Legitimacy and Responsiveness

In the context of the free will debate, Fisher and Ravizza use a concept of reasons responsiveness to account for when an action is performed freely. I want to apply a similar account to the legitimacy of actions performed by government entities.

On a reasons-responsive view of freedom, an action is performed freely only if it is caused by a mechanism that is somewhat responsive to reasons. This concept of "being responsive" needs to be spelled out more, however. The strongest way would be to say that an agent performs an action freely only if they would have done something else in any situation where there was good reason to do otherwise and not good reason to perform the action. This is likely too strong, however. For one, it requires an agent to be omniscient as to what the reasons are (at least, on reasons externalism). Alternatively, we could hold that the agent performs the action freely only if the action is performed via a mechanism which might have produced a different action in some close situations where there was good reason to do otherwise.

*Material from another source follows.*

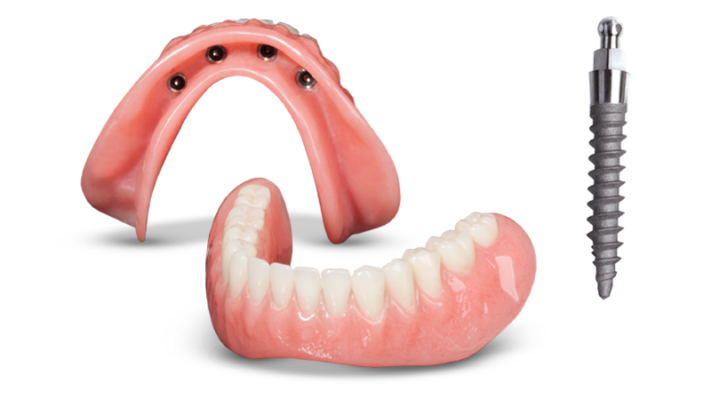 Snap-In Dentures in Schaumburg, IL | Stabilize Your Dentures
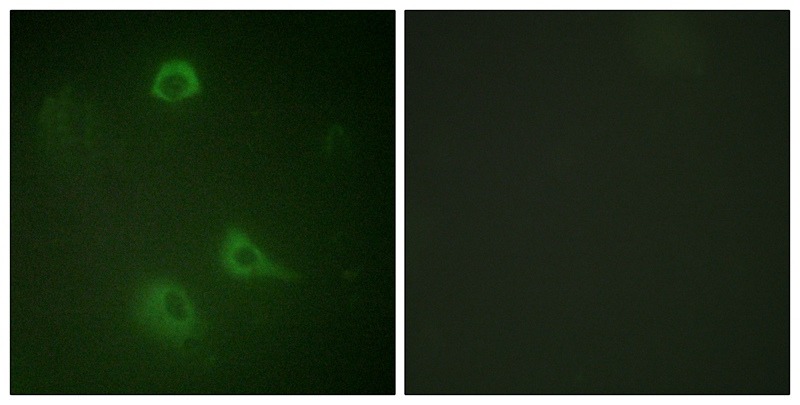 Anti-Phospho-GRIN1 (Ser890) Polyclonal Antibody 2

My aim here is to use a similar notion to account for the legitimacy of government actions. I take it that, to be legitimate, the government action needs to be responsive to the values of the people it governs. The values of those people should be responsive to reasons, of course, but that might not be required for the legitimacy of the government. The government action must be performed through a mechanism which usually produces actions as if motivated by the values of the people it governs.

There is a problem here, of course: how do we aggregate the diverse values of a populous? I am not sure there has to be just one answer to this question. It is open to a government to weight different values differently, provided that the weightings, in turn, are motivated by the values of the citizenry. So the aggregation scheme must be such that it provides the result that it is legitimate. Further, it should count all the citizens. It is possible for it to weight the values of some values differently than others, although this should be motivated by values regarding whose values are expected to be the most accurate, rather than which class is preferred. The limit here is provided by the threat of citizens regarding the government as ignoring them. When this occurs, it is safe to say, that government has failed to be sufficiently responsive.

This may be because it is impossible to be responsive to the values of the whole citizenry, or it may be due to failure to attend to the values of some group and take seriously the concerns of that group. In either case, there is a failure of society, a failure of the state as social body to maintain its unity. At such points, the government becomes either a tyranny of one group over another, it splits into two governments, or it finds some way to satisfy both parties, e.g., by ensuring that members of both groups have a role with some degree of efficacy in the government, so that both groups are confident that they are having a say. All of these are attempts at preserving at least a veneer of legitimacy. A government becomes illegitimate in the first case alone. In the other two cases, the legitimacy is repaired. My claim, then, is that a state becomes illegitimate only when it regularly fails to take the values of the whole citizenry into consideration, and thus where a mass of the citizenry has a long-standing sense of disenfranchisement, whatever their legal situation may be.

This is the root of representative democracies. A representative democracy is an attempt at ensuring that the government is responsive to the values of the citizenry. It is possible to maintain this level of legitimacy in non-democratic systems, however, and it is possible to impose a democratic system which fails to be legitimate precisely because it is democratic. The latter case would occur, for instance, if one tried to impose democracy somewhere where people believed that it was a terrible system of government. The former case would occur where a king, for instance, truly cared about his people and considered their values and well-being in his decisions (as, e.g., will be the case in the divine government in heaven).